Two aspects of this miserable incident stand out. First was the level of fear instilled in residents, because no one was safe, everyone was threatened, no matter how innocent, no matter how careful. Most homicide victims are people who are intrinsically at risk, because of their associates, because of their activities, or because of their poor choice of mates. The great majority of homicide victims in the District are young, black, and male, so those of us who are not, and who live "clean" lifestyles, can feel fairly secure. The shotgun stalker changed all that, putting everyone at risk, black or white, young or old, cautious or careless.

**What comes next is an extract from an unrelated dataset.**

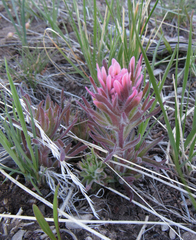 Castilleja angustifolia angustifolia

Second was the failure of the Metropolitan Police to take the first shooting incidents seriously, because they involved victims who were perceived to be "at risk" due to their locations. Shootings on Holmead Place in Columbia Heights were shrugged off as simply part of life on that street (which remains today, 13 years later, on the rough side, though Columbia Heights is rapidly gentrifying). Shootings in Mount Pleasant, especially far on the west end, are a different matter, because such things are not supposed to happen in this "good" neighborhood.
Perhaps the day will come when shootings, and gunshots, are rare in Columbia Heights, as well as Mount Pleasant, and will command a high level of police attention, instead of a dismissal as no more than the ordinary violence of the neighborhood.
One more note of interest in this wretched episode: the plainly insane Mr Swann had found occasional employment -- as a security guard!